Root cause: The narrative reflects a broader trend in energy tech where software is positioned as the silver bullet for hardware and infrastructure challenges. This echoes historical patterns in industrial modernization, where digital layers are overlaid on aging physical systems, sometimes masking deeper structural issues like underinvestment in transmission or equity in energy access. The paradigm assumes that data consolidation and AI-driven insights will inherently lead to better outcomes, but without addressing the political and economic incentives shaping utility behavior, these tools may only optimize existing inefficiencies.
Implications: For human agency, Texture’s platform could empower smaller utilities to participate in the energy transition on more equal footing. However, the benefits may accrue unevenly—co-ops with existing technical capacity will likely adopt faster, while the most resource-constrained may still struggle. The second-order consequence is the potential for a new layer of intermediation in the energy sector, where platforms like Texture become essential gatekeepers between utilities and hardware providers. This could either streamline innovation or introduce new fragilities if the platform itself becomes a single point of failure.

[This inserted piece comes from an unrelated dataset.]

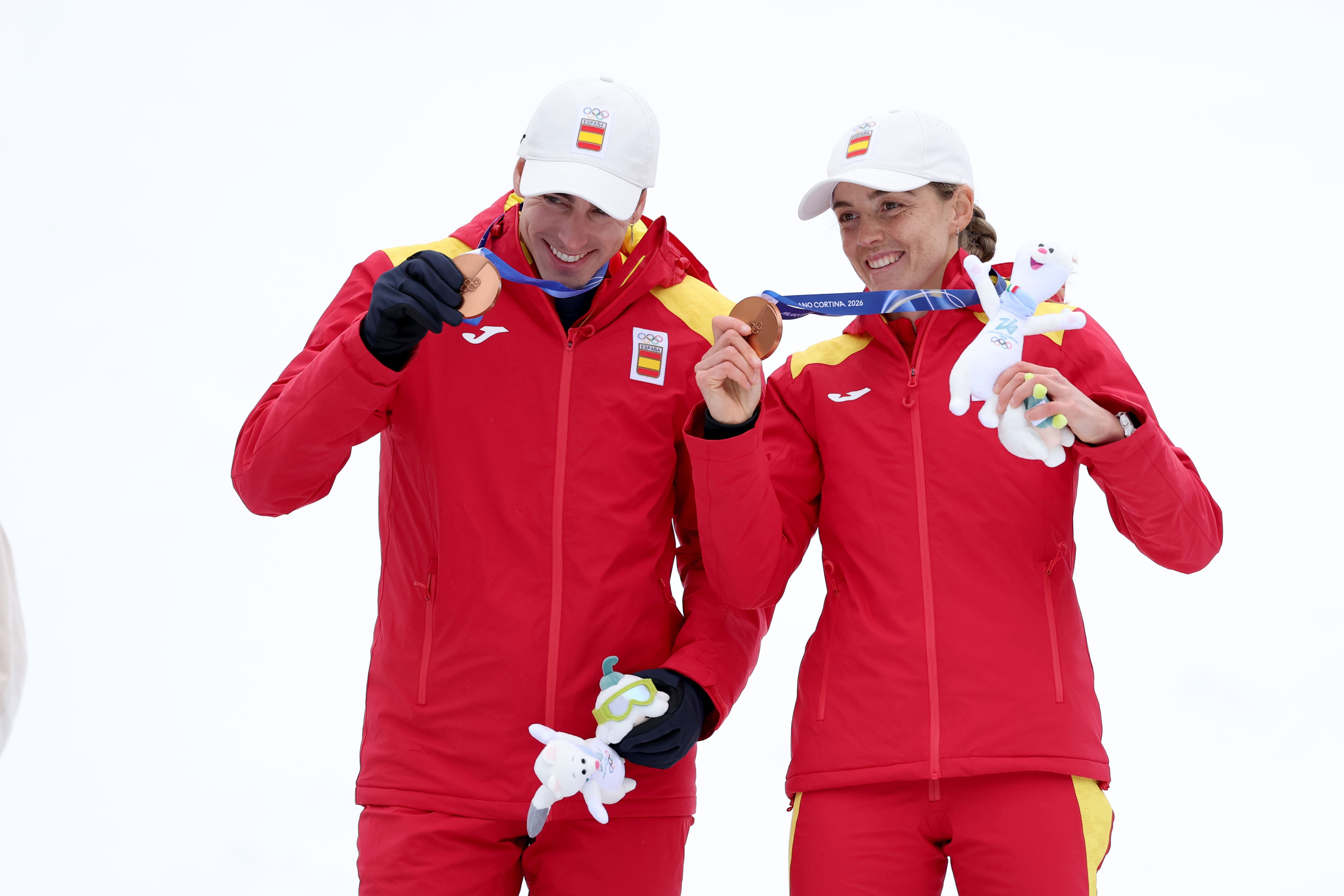 Oriol Cardona y Ana Alonso posan con su bronce olímpico en relevos mixtos de 'skimo'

Bridge questions: How might regulatory frameworks need to evolve to ensure equitable access to these tools? What safeguards are needed to prevent platform dependency from becoming a new form of vendor capture? And crucially, if real-time data is the solution, why have previous attempts at grid modernization fallen short—is it purely a technological gap, or are there deeper institutional barriers at play?
Counterstrike scan: A coordinated influence campaign pushing this narrative might emphasize the "David vs. Goliath" framing (small co-ops vs. legacy vendors) to rally support for tech-driven solutions while downplaying systemic barriers like regulatory inertia or corporate resistance. The actual content aligns with this pattern but does not appear manipulative; it presents a genuine solution to a documented problem. The focus on co-ops as early adopters is strategically sound, but the lack of critique around long-term dependencies or scalability risks could be a blind spot worth probing.
Patterns detected: none
Sentinel — Human
The text exhibits the complex, context-heavy synthesis typical of high-quality financial journalism, grounded in specific sources and nuanced stakeholder dialogue, suggesting human authorship.